━━ Data in this exercise

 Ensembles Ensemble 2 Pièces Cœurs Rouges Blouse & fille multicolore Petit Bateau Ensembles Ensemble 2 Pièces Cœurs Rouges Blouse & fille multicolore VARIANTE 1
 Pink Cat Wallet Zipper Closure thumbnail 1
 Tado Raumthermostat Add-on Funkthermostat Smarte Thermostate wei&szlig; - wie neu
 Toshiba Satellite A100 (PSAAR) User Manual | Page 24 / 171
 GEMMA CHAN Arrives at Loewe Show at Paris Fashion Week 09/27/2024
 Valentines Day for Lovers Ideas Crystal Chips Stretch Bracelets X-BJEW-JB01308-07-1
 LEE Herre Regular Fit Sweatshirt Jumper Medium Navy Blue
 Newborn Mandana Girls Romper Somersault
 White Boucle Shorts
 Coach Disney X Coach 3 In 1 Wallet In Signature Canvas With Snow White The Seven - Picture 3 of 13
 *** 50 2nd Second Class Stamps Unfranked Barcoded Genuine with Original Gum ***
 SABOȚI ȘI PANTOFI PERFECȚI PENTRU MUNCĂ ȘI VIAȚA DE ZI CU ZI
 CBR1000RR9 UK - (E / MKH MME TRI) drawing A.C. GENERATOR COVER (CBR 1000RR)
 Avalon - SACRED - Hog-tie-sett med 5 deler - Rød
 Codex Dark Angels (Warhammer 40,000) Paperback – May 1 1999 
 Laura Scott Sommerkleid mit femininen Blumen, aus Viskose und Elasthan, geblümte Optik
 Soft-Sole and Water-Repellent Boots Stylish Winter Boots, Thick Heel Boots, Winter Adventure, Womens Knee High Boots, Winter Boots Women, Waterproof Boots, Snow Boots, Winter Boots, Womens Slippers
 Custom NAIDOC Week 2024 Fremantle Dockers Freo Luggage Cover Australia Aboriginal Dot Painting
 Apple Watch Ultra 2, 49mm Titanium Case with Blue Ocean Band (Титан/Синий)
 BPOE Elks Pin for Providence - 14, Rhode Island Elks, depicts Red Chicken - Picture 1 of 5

━━━━

Problem
The word "Picture" appears on some lines of the data above; say how many such lines there are, with nothing else.

Written reply
2